When comparing the costs of the current "defined benefit" school retirement system to a defined-contribution system, some state analysts argue that the latter is more expensive.
Unfortunately, the claim is based on a rigged comparison. A defined-contribution plan will only cost as much each year as legislators want it to, something their official analyses ignore.
In addition, reports from the Michigan Senate Fiscal Agency, the Michigan House Fiscal Agency and the Office of Retirement Services have argued that the "normal costs" of the pension plan — the amount state officials believe is sufficient to pay for the benefits earned in a year — is an adequate assessment of the actual cost of prefunding future benefits. Clearly it has not been, considering that the fund has only 65 cents for every dollar earned by pensioners, a $22.4 billion gap.

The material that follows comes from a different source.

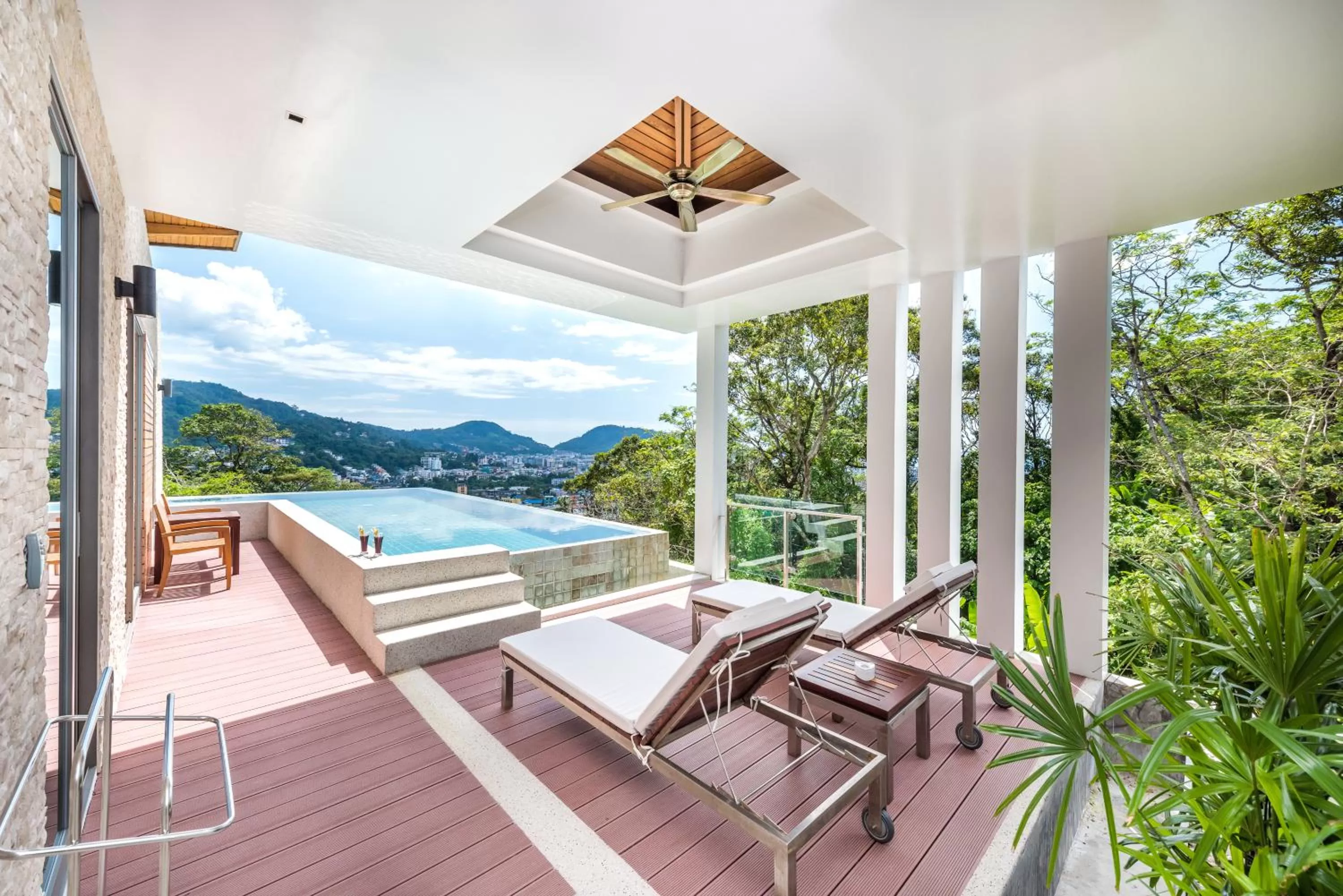 Garden view in Wyndham Sea Pearl Resort, Phuket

The school pension fund has been a lemon. The sticker price may look affordable, but in the long-run its unreliability has been costing taxpayers a lot more than advertised. So it is not appropriate to compare these sticker prices with the cost of a retirement benefit "vehicle" that requires no comparable "maintenance" costs - a defined contribution, 401(k) type system.
Those official comparisons may (and do) ignore them, but taxpayers are nevertheless burdened with the costs of "catching up" on all that past pension underfunding. Specifically, it will cost an expected 16 percent of school payrolls for 25 years to pay down this deficit, if all goes according to plan.
In contrast, a defined-contribution plan does not allow the state to defer its costs into the future, nor does it carry an underfunding risk.
Legislators worried about the retirement system's potential to develop larger unfunded liabilities that would consume an even greater share of school budgets must know that with a defined-contribution plan they can they can always adjust the contribution rates. The House must know this because they’ve increased the matching requirements in their pension reform bill. The new terms are very similar to the normal costs for new employees of the pension system.
The Legislature is in control of whether converting to a defined-contribution system will save money, because they can set the level of employer contibutions. Unlike the current defined-benefit system, a 401(k) type system carries no risk of future underfunding "surprises" that would cost illions of taxpayer dollars.